In June 2018, Seychelles’ President Danny Antoine Rollen Faure visited India and brought media attention to this small archipelago. The two countries have agreed to work on the stalled military base on Assumption Island.
Assumption Island is located in the outer group of the 115 islands that make up the boundary of Seychelles, lying north of Madagascar, which is a strategic location.
The bigger picture here is that India, together with France and the USA, will establish a sound surveillance system to keep an eye on the Indian Ocean. The system will closely monitor the movement of naval traffic through the region. As part of a recent logistics support deal, India will have also access to France’s naval bases in Djibouti and Reunion, and the US base at Diego Garcia. Apart from this, Assumption and Agalega are a part of India’s Security and Growth for all in the Region (SAGAR) initiative. This policy is embedded in New Delhi’s vision “to seek a climate of trust and transparency; respect for international maritime rules and norms by all countries; sensitivity to each other’s interests; peaceful resolution of maritime security issues; and increase in maritime cooperation.”
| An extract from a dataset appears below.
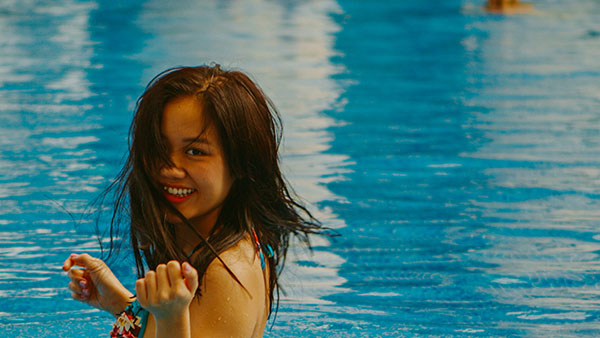 Văn Mai Hương nóng bỏng với bikini trên biển 9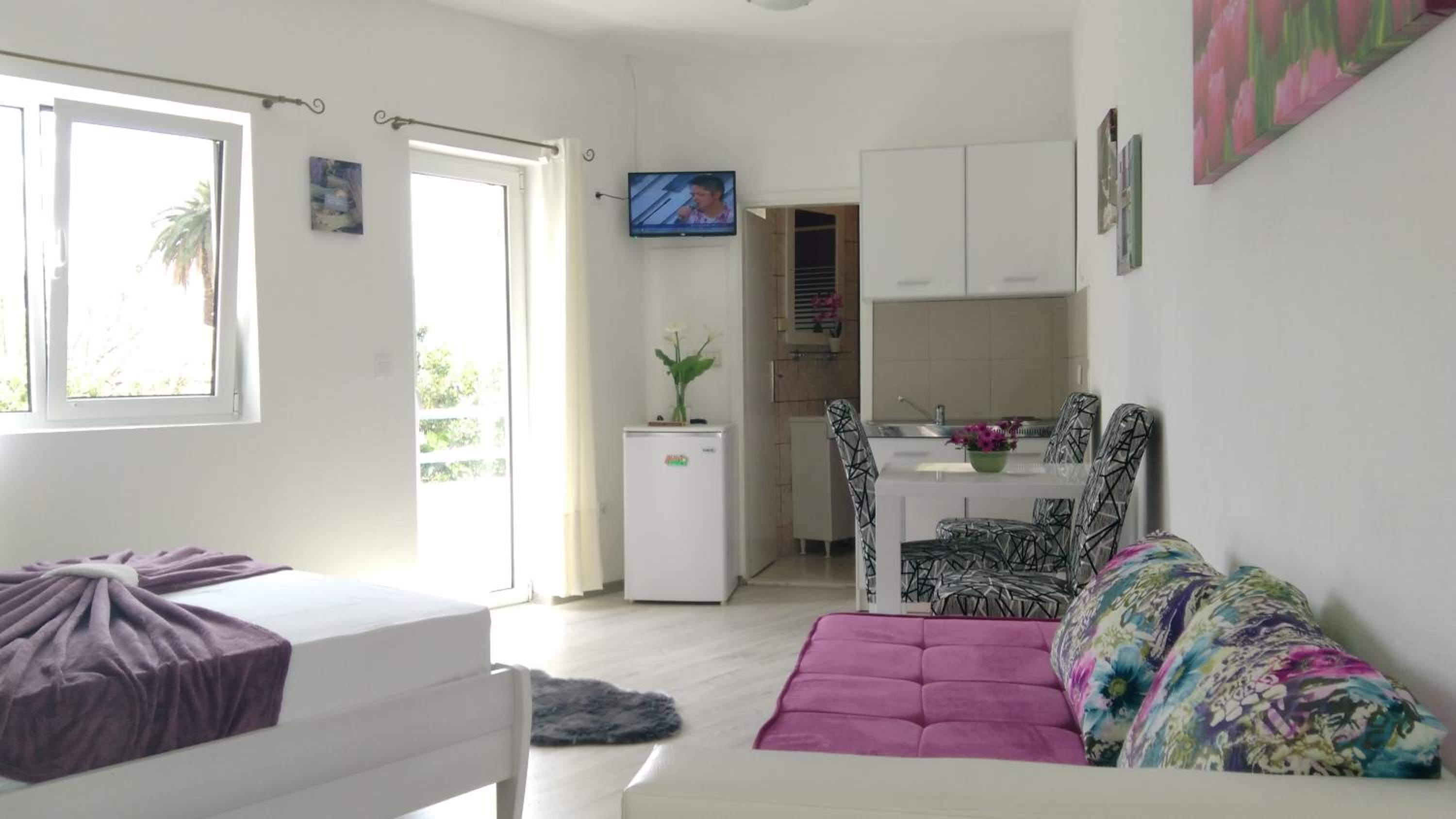 Studio with Terrace and Sea View - Photo 2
India had been anxious to get the deal since it had been rejected earlier this year. The opposition in Seychelles forms a majority and was opposed to the project, hence President Faure was unable to sign it. The opposition feared that the naval base would attract China’s attention and Seychelles could not afford a confrontation between the two Asian countries.
New Delhi, in order to further strengthen the bond, has offered a $100-million line of credit that Seychelles can use to acquire Indian defence equipment to boost its maritime capacity. It will also provide a second Dornier aircraft for the Seychelles military. A special grant for the construction of infrastructure, including a police academy, a government house and a new office for the Attorney General has also been given to Seychelles.